MATERIAL SHOWN -
···

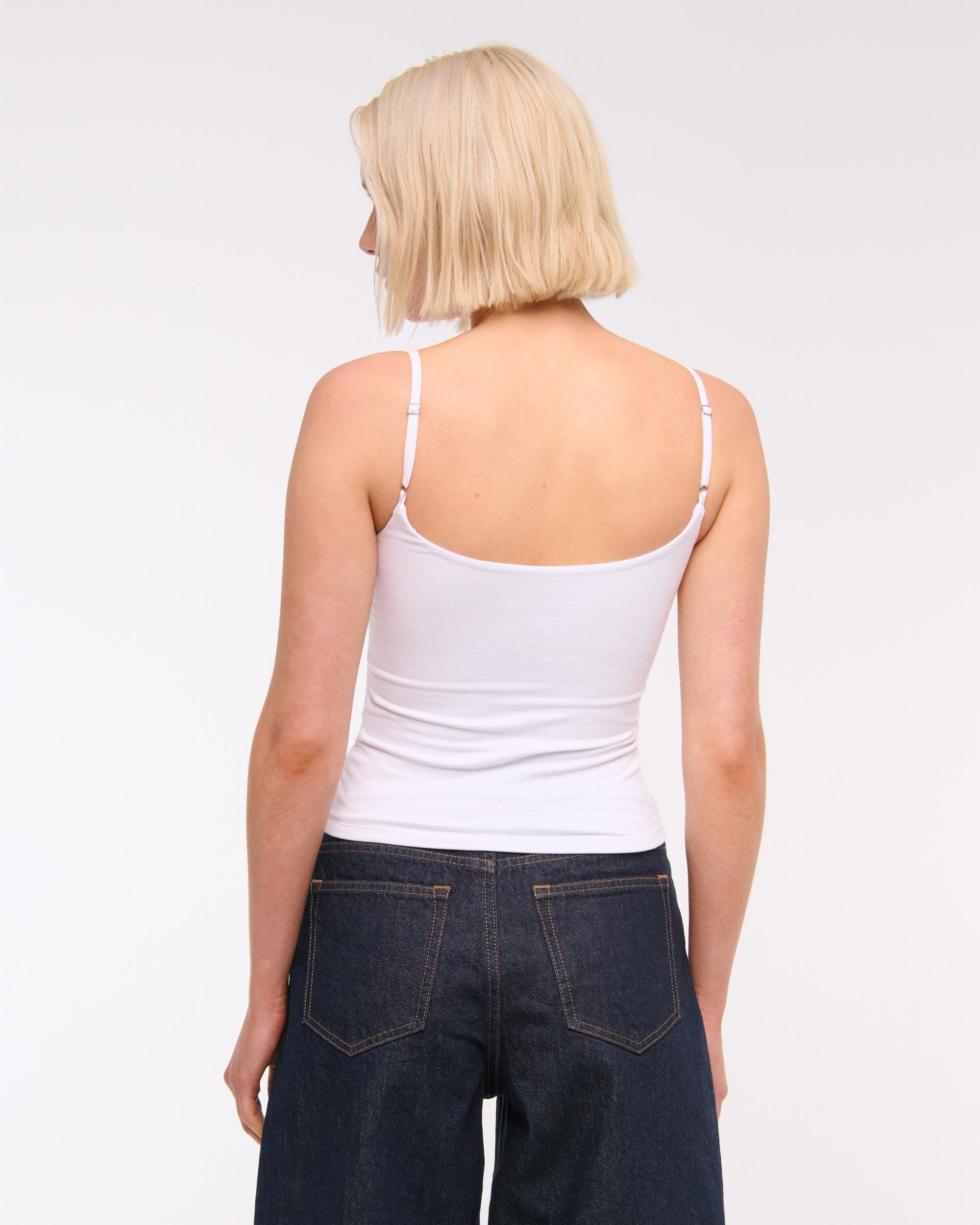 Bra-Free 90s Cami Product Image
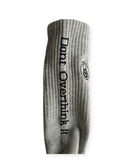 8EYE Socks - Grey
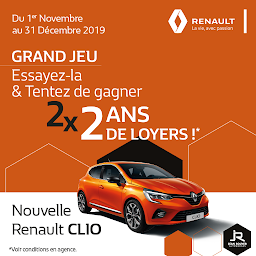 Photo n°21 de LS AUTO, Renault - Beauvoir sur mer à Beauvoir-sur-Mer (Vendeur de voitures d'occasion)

···

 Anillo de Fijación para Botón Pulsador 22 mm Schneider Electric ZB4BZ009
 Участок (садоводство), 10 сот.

···

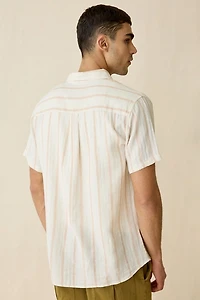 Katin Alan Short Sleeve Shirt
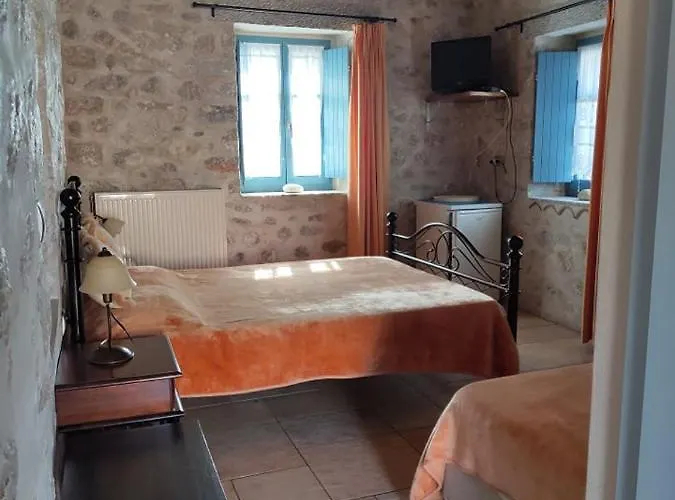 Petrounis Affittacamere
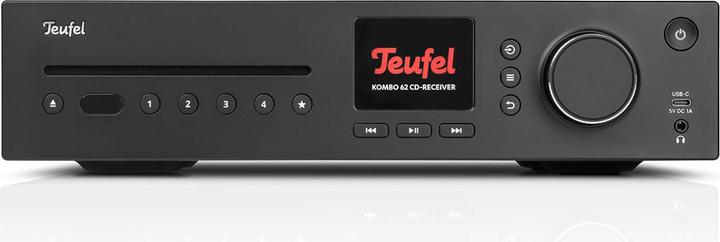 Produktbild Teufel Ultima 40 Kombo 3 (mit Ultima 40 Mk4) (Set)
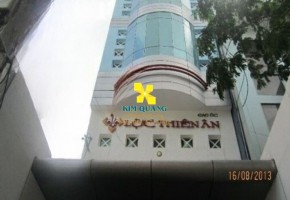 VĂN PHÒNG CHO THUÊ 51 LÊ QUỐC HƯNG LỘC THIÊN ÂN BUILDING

···

In the entries above, find the line containing "Produktbild Teufel Ultima" and the line containing "VĂN PHÒNG CHO"; give again exactly those two lines and every line between them, minus the pictures.

 Produktbild Teufel Ultima 40 Kombo 3 (mit Ultima 40 Mk4) (Set)
 VĂN PHÒNG CHO THUÊ 51 LÊ QUỐC HƯNG LỘC THIÊN ÂN BUILDING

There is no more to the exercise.